Eu estava lá apenas de passagem. Nem mesmo me lembro do que fui fazer naquela cidadezinha do interior, onde Judas deve ter perdido as botas. E, lamentavelmente, testemunhei aquela cena violenta. Revejo-a como se estivesse acontecendo agora, enquanto escrevo este texto. Eu estava passando por aquela ruazinha, bem na frente da casa do brutamontes que era delegado do lugarejo. Aí ouvi o palavrão gritado dentro da casa, aquela exclamação de raiva. Olhei por um buraquinho na janela. E vi. Lá estava ele, a cara vermelha e os olhos brilhando de raiva. Ela estava no chão. Coitadinha, tão nova ainda. Ele a agarrou com os dedos grossos e meteu nela o pé e pisou nela com todo o peso do seu corpanzil, uma, duas, três vezes. Calcou-a no chão. Então deu um suspiro de alívio e, finalmente, abriu a porta e saiu para a rua, arrastando-a. Antes que ele saísse, eu me escondi atrás de uma carroça.

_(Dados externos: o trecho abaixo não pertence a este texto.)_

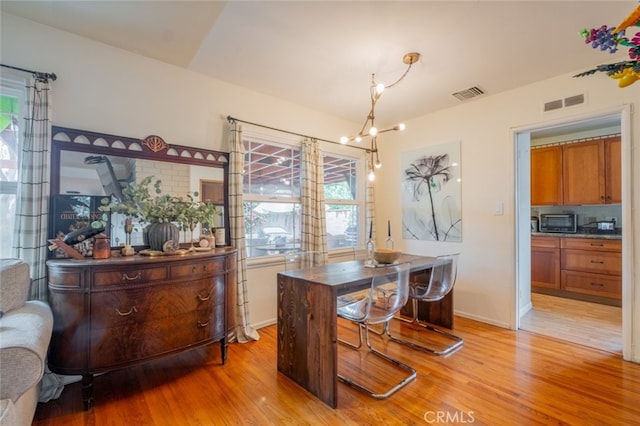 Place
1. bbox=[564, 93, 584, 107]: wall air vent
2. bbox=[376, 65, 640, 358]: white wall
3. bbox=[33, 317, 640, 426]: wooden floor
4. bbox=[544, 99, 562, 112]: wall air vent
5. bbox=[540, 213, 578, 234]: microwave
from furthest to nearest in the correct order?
bbox=[540, 213, 578, 234]: microwave
bbox=[376, 65, 640, 358]: white wall
bbox=[544, 99, 562, 112]: wall air vent
bbox=[564, 93, 584, 107]: wall air vent
bbox=[33, 317, 640, 426]: wooden floor

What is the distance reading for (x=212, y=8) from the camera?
6.42 feet

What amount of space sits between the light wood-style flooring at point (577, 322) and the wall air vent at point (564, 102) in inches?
90.0

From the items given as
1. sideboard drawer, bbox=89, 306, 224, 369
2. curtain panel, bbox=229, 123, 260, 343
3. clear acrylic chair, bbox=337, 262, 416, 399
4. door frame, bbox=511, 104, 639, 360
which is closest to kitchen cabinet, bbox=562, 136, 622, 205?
door frame, bbox=511, 104, 639, 360

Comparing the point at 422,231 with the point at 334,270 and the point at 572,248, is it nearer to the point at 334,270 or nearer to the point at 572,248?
the point at 334,270

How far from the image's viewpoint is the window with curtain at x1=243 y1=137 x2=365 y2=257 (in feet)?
10.6

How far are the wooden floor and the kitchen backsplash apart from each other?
9.44 feet

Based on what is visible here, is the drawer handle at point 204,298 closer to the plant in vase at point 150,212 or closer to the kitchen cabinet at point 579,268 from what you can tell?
the plant in vase at point 150,212

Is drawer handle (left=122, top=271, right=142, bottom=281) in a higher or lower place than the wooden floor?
higher

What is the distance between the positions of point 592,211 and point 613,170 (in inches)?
31.2

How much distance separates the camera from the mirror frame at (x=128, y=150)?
214 centimetres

Disfarçadamente comecei a segui-lo. De vez em quando o delegado rosnava um palavrão, xingando a coitadinha. Ela apenas gemia a cada passo que ele dava, e ia deixando um sulco na poeira da rua. O delegado chegou ao cômodo da delegacia na esquina, abriu a porta e agarrou a pobre coitada, toda empoeirada, e a jogou lá no canto do cômodo, que era apertado e desconfortável como são em geral as delegacias nos lugarejos do Brasil. Tirou o paletó de brim, e o pendurou no encosto da cadeira velha. Daí, aos poucos, foram chegando os moradores do lugar: um para se queixar do vizinho; outro reclamando do burro do leiteiro, que todos os dias deixava um monte de estrume na frente do armazém do reclamante (estrume do burro, não do leiteiro); duas comadres queriam que o delegado convocasse a professora para justificar a razão de ter deixado os filhos delas de castigo porque brigaram na hora do recreio; e assim por diante.
Finalmente apareceu o cabo, comandante dos dois soldados do destacamento local. Bateu continência para o delegado, e reparou no aspecto dele, semblante sombrio, olhar cheio de raiva. Foi então que viu a coitadinha jogada lá no canto e exclamou: “Aí, sô delegado, comprou botina nova pra amansar seu calo bravo, heim!”